Gasly foi um dos que sofreram com problemas com os polêmicos track limits que tanto perturbaram o andamento do final de semana e saiu da zona de pontuação, o mesmo não acontecendo com Ocon, que foi sétimo, mesmo tendo declarado que chegou a vomitar duas vezes dentro do capacete durante a corrida. Atrás de Ocon veio a dupla da Alfa Romeo. Com mais pneus novos guardados, Bottas e Zhou fizeram uma ótima corrida e marcaram bons pontos para o time italiano.
Mesmo com tantos problemas no Catar, como o desgaste exagerado dos pneus, as zebras piramidais, os famigerados track limits e um calor absurdo, a F1 não viu uma corrida caótica nesse domingo. Com tantas estratégias diferente, as ultrapassagens que ocorreram foram mais por causa da diferença de táticas entre os pilotos.

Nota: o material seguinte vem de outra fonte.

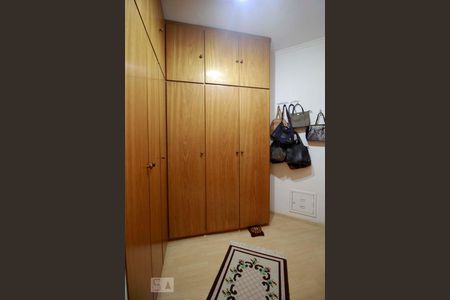 Apartamento à venda com 238m², 4 quartos e 3 vagasArmários suíte 1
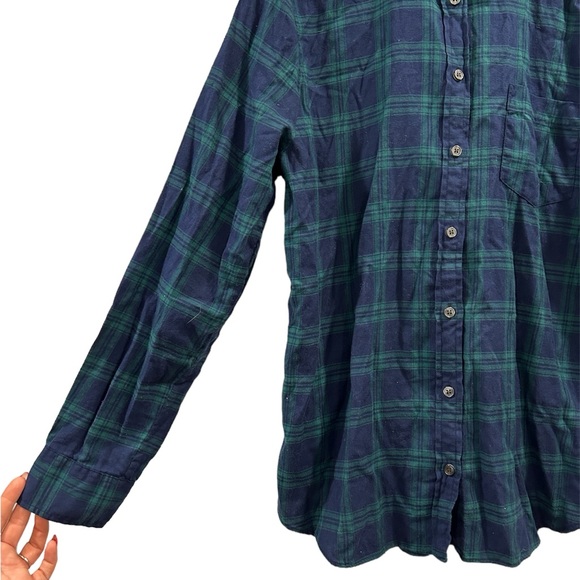 J. Crew Plaid Flannel Button Up Boxy Fit Navy and Green Boyfriend Large - Picture 4 of 7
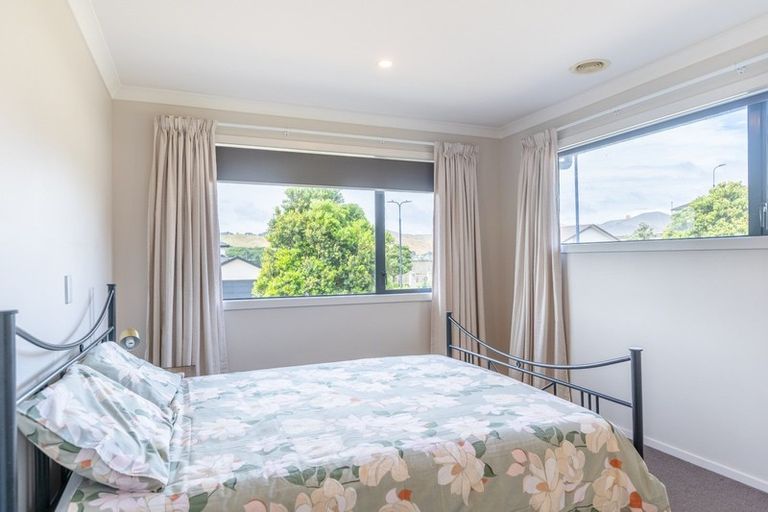 Photo of property in 12 Aotea Drive, Aotea, Porirua, 5024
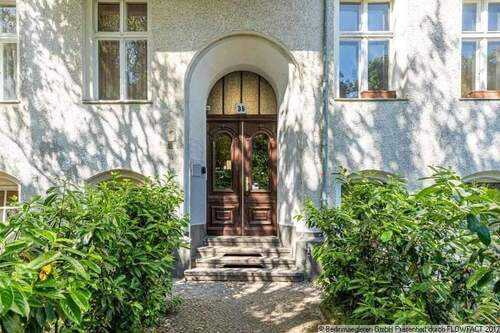 Hauseingang Vorderhaus - Etagenwohnung mit 84,60 m&sup2; in Berlin zum Kaufen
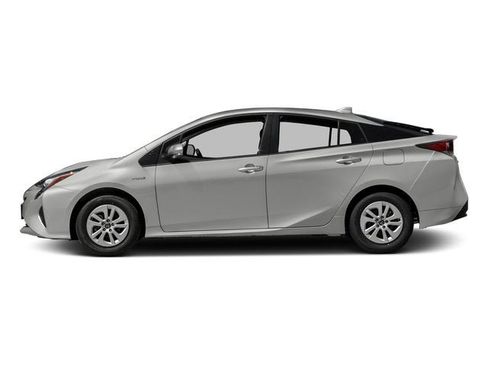Used 2017 Toyota Prius Two FWD image 3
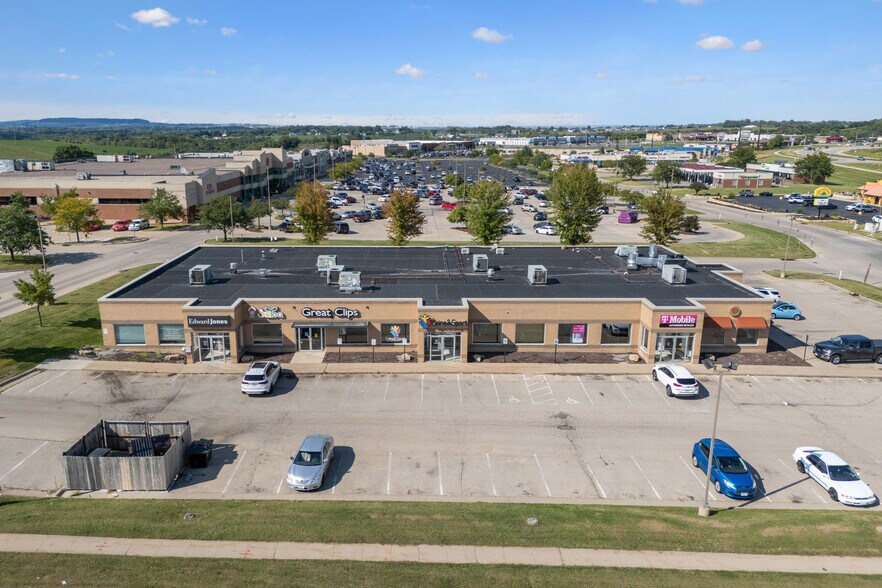 Primary Photo Of 4840 Asbury Rd, Dubuque Storefront Retail Office For Lease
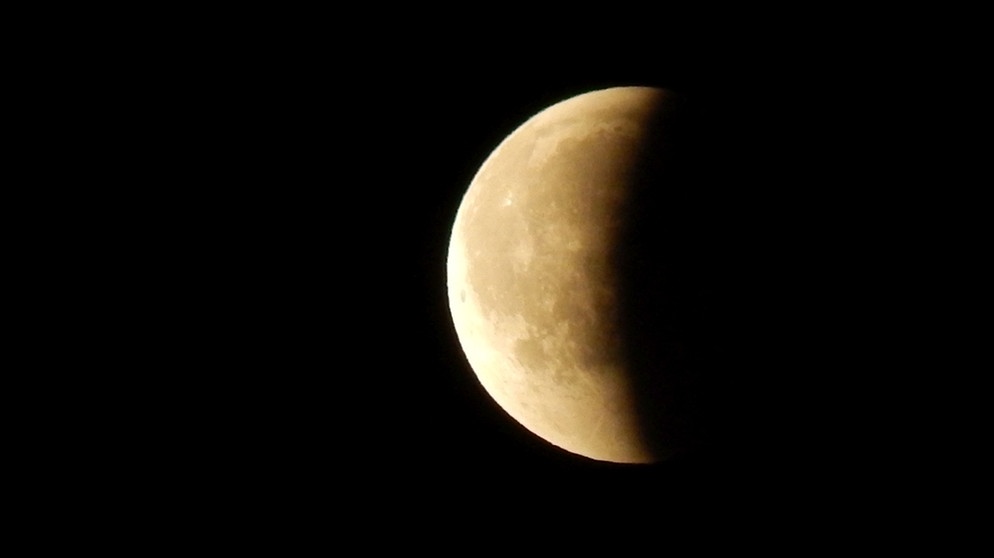 Austritt des Mondes aus dem Kernschatten der Erde nach der totalen Mondfinsternis am 27. Juli 2018. | Bild: Enrico Baumann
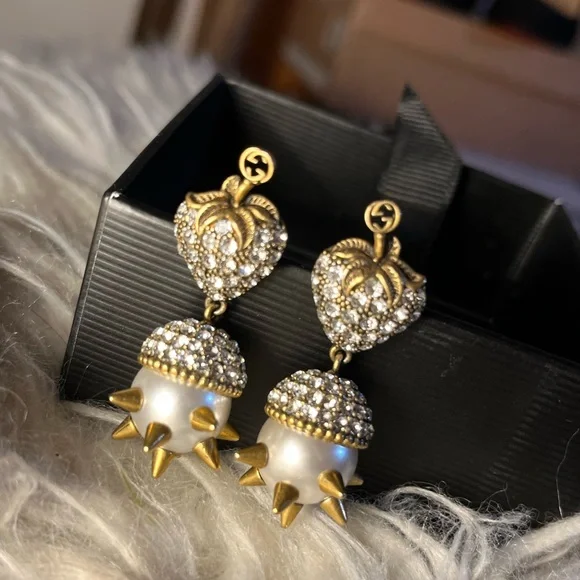 💯 Authentic GUCCI Strawberry Faux Pearl and Crystal Studded Earrings.🍓 - Picture 2 of 5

Na verdade, vimos uma corrida de sobrevivência, com os pilotos sofrendo como a muito não se via numa prova de F1. Max Verstappen se manteve impávido na ponta, liderando a corrida com facilidade. Como sempre em 2023.
Abraços!
João Carlos Viana
2 Comments
JC Viana
mais uma vez parabéns pela sua análise da corrida … ontem vi muito pouco da prova em si … mas o pouco que vi fiquei digamos assim meio que surpreso com o asfalto pretinho do Circuito de Losail … zerinho em folha e nem dava pra ver as marcas dos pneus … vou ser sincero de dar inveja a muito kartódromos …
Verstappen merecedor com sobras pela conquista do seu Tri-Campeonato … sem duvidas algumas vem sendo um primor em termos de pilotagem …
E muito bom ver a Mclaren vivendo bons momentos …
Fernando Maruqes
Niterói RJ
Obrigado Fernando,
Seus comentários são sempre muito bem vindos!